Bu ayeti kerimeler inisiyatifin sizin elinizde olduğunu net biçimde beyan ediyor. Ve inisiyatifi ele almanın yolu, kafirlere ve müttefiklerine sırtınızı dönmeniz ve onlara karşı tek olan ve ortağı bulunmayan Allah'ı birleyerek Veliniz ve Yardımcınız edinmek suretiyle ve de saflarınızı tartışmalardan, ihtilaftan ve Allah'a itaatsizlikten koruyup tedbirlerinizi almanızdır. Eğer böyle yaparsanız, Allah düşmanlarınızın kalplerine korku salacak ve size onlara karşı zafer vereceği vadini yerine getirecektir. Sevgili Şam'ımızdaki Mücahit kardeşlerim, Dinimizle izzetli olmalı şerefi cihatta aramalıyız. Asrın Firavunları Amerika'ya ve Rusya'ya olan düşmanlığımızla iftihar etmeliyiz. Onlara karşı kim kıyam ederse iftihar etmeyi hak eder, kim onlara taviz vermeye kalkarsa kendisinden utanmalıdır. O halde Batı'nın bize karşı asabiyeti ve nefretiyle iftihar edelim. Batı'nın bizi ‘terörist' olarak nitelemesinden dolayı iftihar edelim ki bu bir iddia değil, izzet nişanesidir. Onları çileden çıkardığımız için iftihar edelim, çünkü bundan dolayı Allah tarafından mükafatlandırılacağız.

Allahu Teala buyurur ki: “Onların Allah yolunda bir susuzluk, bir yorgunluk, bir açlık çekmeleri, kâfirleri öfkelendirecek bir yere ayak basmaları ve düşman karşısında bir başarı sağlamaları dolayısıyla mutlaka kendileri için bir salih amel yazılır. Şüphesiz Allah iyilik edenlerin ecirlerini zayi etmez.” (Tevbe 120)

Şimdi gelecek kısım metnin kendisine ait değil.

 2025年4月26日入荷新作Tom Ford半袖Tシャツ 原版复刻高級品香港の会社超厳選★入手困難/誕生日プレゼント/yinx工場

Müslüman Ümmetimiz, Endonezya'daki Müslüman kardeşlerim, Mağrib'teki Müslüman kardeşlerim ve bu ikisi arasında uzanan İslam ülkelerindeki Müslüman kardeşlerim. Bu, yalnızca Şam için bir çile değil, bu İslam'ın kendisini hedef alan bir çiledir. Düşman, İslam'ın hiçbir şekilde ikame edilmesini istemiyor. Haçlı Düşmanı, Rafizi müttefikleriyle birlikte İslam ülkelerimizi adım adım işgal ediyorlar. İstiyorsanız Irak ve Yemen'e sorun, onlar sizi meselenin hakikati hakkında bilgilendireceklerdir. Düşman, ribat ve cihat beldesi olan Şam'da ehlimizi yok etmek için tüm gücünü sarf ederken gözleriyle de Haremeyn-i Şerifeyn Beldesini işgale işaret ediyor. Şam Müslümanlarının bu Uluslararası Haçlı-Rafızi düşmanlığını durdurmaya muvaffak olması için, Müslümanlar, -hem de Tüm Müslümanlar- birbirleriyle omuz omuza durmalı ve yardım, destek ve teşvikin her türlüsünü arz etmelidir.

İslam Ümmetinin bedeni –özellikle de Şam yarası- ciddi durumda fenalaştı ve acil tedaviye ihtiyaç duyuyor. Eğer bu yarayı tedavi etme imkanımız varsa diğer yaraları da pekala tedavi edebilmemiz gerekir. Ve eğer bu yarayı terk edersek yara yayılacak ve tüm bedeni tedavi edemez hale geleceğiz.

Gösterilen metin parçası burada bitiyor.